We were used to building stuff in static, strongly typed languages. We had powerful IDE support, stable libraries, old and proven frameworks. There was always the right tool, the right library, the right idiom, the right way.

There was confidence and security in the well known world of stuff you already tried and built. The confidence that came from the knowledge of how difficult or easy something could be. The skill of estimation was fine tuned, and the feeling for effort was strong.

It was not the fact that nothing could go wrong that was comforting. It was the power to know what, when and where could go wrong.

An anxiety-neutral condition, with limited set of behaviors to deliver a steady level of performance, usually without a sense of risk.

A true comfort zone.

Then we chose Node.js for a project. We are yet to see how wise a decision that was business wise, but it was certainly good for the soul.


... but it was certainly good for the soul.

How so? Are you building new kinds of applications that you couldn't or wouldn't have built using familiar, reliable tools?

I'm curious because there's a sort of risk for risk's sake feel to your comment.

It seems like loosening the bolts on a car and then driving to the same old places; there's a thrill to be sure but you don't end up anyplace new.


Maybe that was my point. I am not sure. You see, a new technology was considered and eventually chosen because it was a different kind of project. And so it happened that Node was a perfect fit for the job and a good opportunity to try it out. It is still to be determined if the choice was correct.

It is better to get out of your comfort zone not by doing the same thing in a new way, but by doing a new thing. You are bored with your job? Its not Java, or c#, or c that is boring. It is the stuff you are using it for and the way you are using it.
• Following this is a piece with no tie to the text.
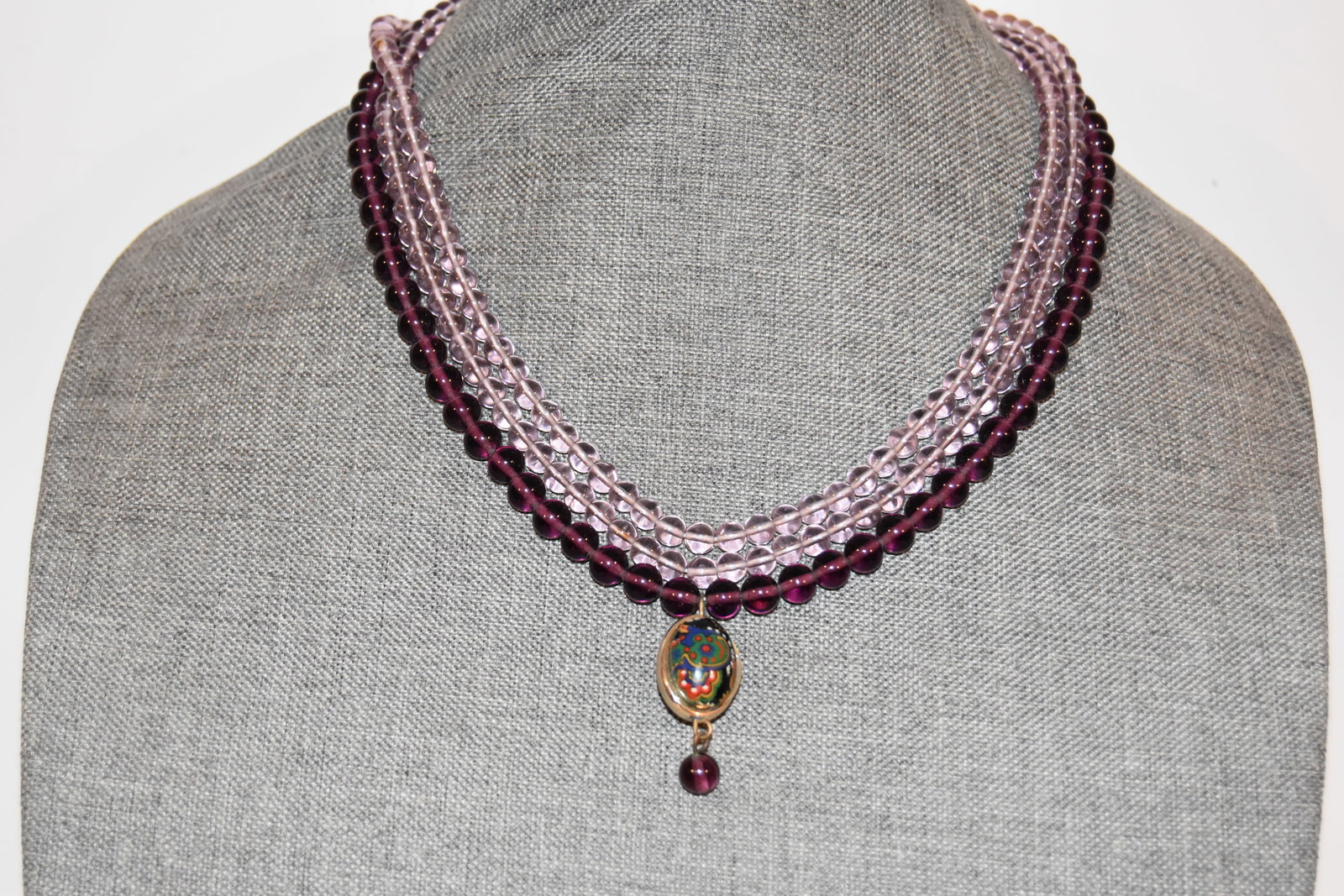 Vintage beaded 3 strand tourmaline Necklace 18" (1 of 4)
Anyway, Node is an excellent tool. Just don't use it as an easy way out of your comfort zone.


The main point of my blog post was to show our positive experience by using something new to build something new. I'm not talking about renewing your existing backend, changing your perfect PHP implementation to Node.js, I'm talking about our story of choosing a platform for our new project and suggesting people out there to be open to trying new platforms according to their needs. I know the feeling, I did the same before. I have used PHP for projects that I had better alternatives for, just because it felt comfortable and hassle-free.
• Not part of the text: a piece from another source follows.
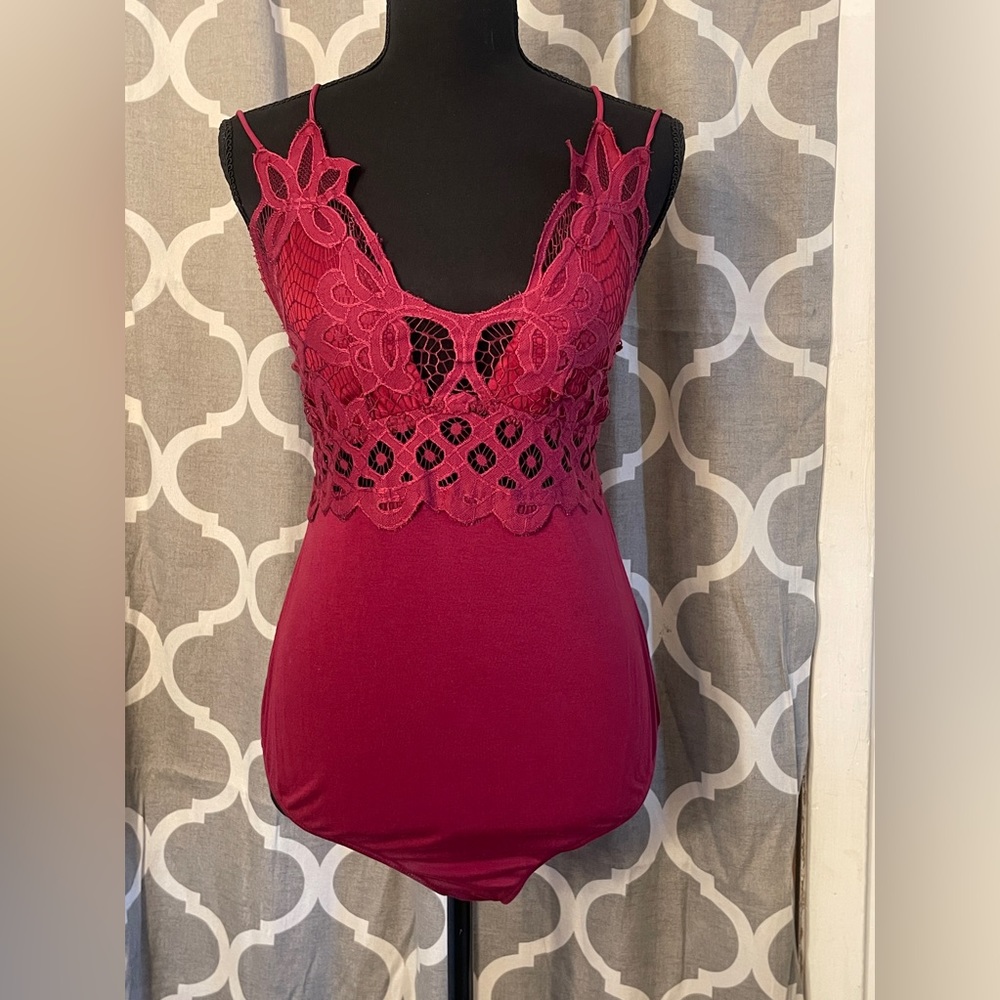 Rue21 Marroon & Lace Bodysuit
In our case we have tried several other platforms/languages and the best fit was Node.js for us. “Do the research, be a developer not just an X language developer” would probably sum up my whole point.


I think there was some really awesome benefits of nodejs that are worth mentioning. I recently finished migrating our old .NET API to NodeJS and found:

1) persistant connections, we deal with massive concurrency and remote connections to just about anything external (even on same network) could be saturated and overwhelmed so quickly

2) pseudo-caching data in the background, things like game configuration etc we just keep loading over and over on an interval so wherever possible we just have whole mongo collections and db tables sitting there in ram always fairly fresh

3) mirroring our application-wide redis cache locally on each server in the background so whenever we do get a cache hit it's insanely fast

These are probably the coolest things I found moving our analytics api to nodejs.
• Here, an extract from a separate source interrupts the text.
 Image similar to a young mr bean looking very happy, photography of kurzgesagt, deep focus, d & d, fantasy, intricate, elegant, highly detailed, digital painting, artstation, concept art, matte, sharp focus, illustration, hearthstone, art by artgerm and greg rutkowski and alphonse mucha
tl;dr: we tried something new, namely node.js. We liked it. You too should try something new from time to time.

What's newsworthy about this post, beyond being positive to a project that everyone seems to like (including me)?


Adding to

  if buzzword_count['node.js'] > x: required_qualification_keywords.append('node.js')


Thank you. The article was not easy to scan quickly - too few paragraphs.


Because occasionally posts tend to focus around people defending their well worn, trusty tools against these new upstarts.


I am so tired of reading complaints about PHP performance only to realize that the author uses some bloated, over-engineered framework like Cake or (much worse) library like Smarty. What do you expect?

Yes, high-level design matters. Ever since I switched to my own framework in 2005, most of the pages on my websites generate in less than .1 second, and that's without extensive caching, often on cheap VPS. There is nothing fancy about it, just simple, straightforward system design that doesn't fight the language and pretend like I'm coding Java.


I've rewritten entire python codebase of my company in node.js several weeks ago.

I like the 'purity' of it all now. It irks me still that js isn't really comforting at actual scripting.


That's a real pity. You probably would have been hugely better off with gevent instead. Using gevent isn't quite as good as using a language with a true preemptive runtime, but it's way easier to work with than nested callback spaghetti.

Anyone else considering Python -> Node, look very carefully at gevent first. Not only can you save the rewrite, you can end up with a better solution at the end too.

http://www.gevent.org/


Looking at the changelog and the pace of releases is very heartening!